ESTA – Frequently Asked Questions

You answered a question about your eligibility to travel incorrectly and were denied authorization as a result you can contact DHS for a review of your eligibility.  The U.S. Embassy cannot fix or correct any errors on your behalf.

If you believe that your ESTA was denied in error and would like to seek redress from DHS you may do so using the DHS Traveler Redress Inquiry Program (TRIP).

Any traveler whose ESTA was not authorized will require a visa for all future travel to the United States.  Instructions on how to apply are here.  Please note that all visa applicants must demonstrate that they meet the qualifications for the visa category.  Visa applications made as a result of an ESTA denial may require additional administrative processing, extending visa processing times before a decision can be made.

If you have a criminal record you will mostly likely need a valid visa to enter the United States.
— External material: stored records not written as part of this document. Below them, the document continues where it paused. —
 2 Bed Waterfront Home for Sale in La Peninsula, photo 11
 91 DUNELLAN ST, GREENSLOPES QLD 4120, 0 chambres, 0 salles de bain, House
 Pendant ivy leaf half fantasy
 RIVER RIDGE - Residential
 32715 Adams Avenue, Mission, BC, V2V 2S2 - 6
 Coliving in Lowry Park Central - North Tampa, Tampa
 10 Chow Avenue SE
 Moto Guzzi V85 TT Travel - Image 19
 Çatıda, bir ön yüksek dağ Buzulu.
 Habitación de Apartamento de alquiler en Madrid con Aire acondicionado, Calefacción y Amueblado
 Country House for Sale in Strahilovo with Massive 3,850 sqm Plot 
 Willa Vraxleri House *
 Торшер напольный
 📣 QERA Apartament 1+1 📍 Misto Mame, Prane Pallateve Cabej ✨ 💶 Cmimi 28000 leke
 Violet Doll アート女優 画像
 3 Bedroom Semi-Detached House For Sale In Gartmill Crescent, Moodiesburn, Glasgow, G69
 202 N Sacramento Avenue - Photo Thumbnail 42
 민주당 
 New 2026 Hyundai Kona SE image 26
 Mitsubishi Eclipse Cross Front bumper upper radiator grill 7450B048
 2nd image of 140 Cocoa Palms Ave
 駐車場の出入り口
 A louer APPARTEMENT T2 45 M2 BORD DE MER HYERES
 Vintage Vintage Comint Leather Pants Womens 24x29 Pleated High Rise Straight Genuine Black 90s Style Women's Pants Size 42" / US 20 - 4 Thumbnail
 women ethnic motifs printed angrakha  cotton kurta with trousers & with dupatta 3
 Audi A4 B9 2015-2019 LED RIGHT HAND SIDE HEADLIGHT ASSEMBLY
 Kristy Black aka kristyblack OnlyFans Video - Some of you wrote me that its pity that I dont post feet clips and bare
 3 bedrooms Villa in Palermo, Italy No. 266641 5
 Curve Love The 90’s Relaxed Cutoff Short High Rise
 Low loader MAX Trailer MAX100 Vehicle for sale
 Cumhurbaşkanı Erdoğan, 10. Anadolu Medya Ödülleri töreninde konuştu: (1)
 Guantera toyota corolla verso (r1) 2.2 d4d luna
Some crimes will require you to additionally apply for a Waiver of Inadmissibility.

Travelers who have been refused a visa under the provisions of Section 221(g) or 214(b) of the Immigration and Nationality Act are not prohibited from traveling visa free under the Visa Waiver Program and submitting a registration under the Electronic System For Travel Authorization.  The decision to grant permission to travel will be made on a case by case basis.

Each VWP traveler must have an approved ESTA for the passport he or she plans to use for travel to the United States. If travelers become citizens of a visa waiver program country and acquire a new passport from that country, they must submit a new ESTA application for their new passport.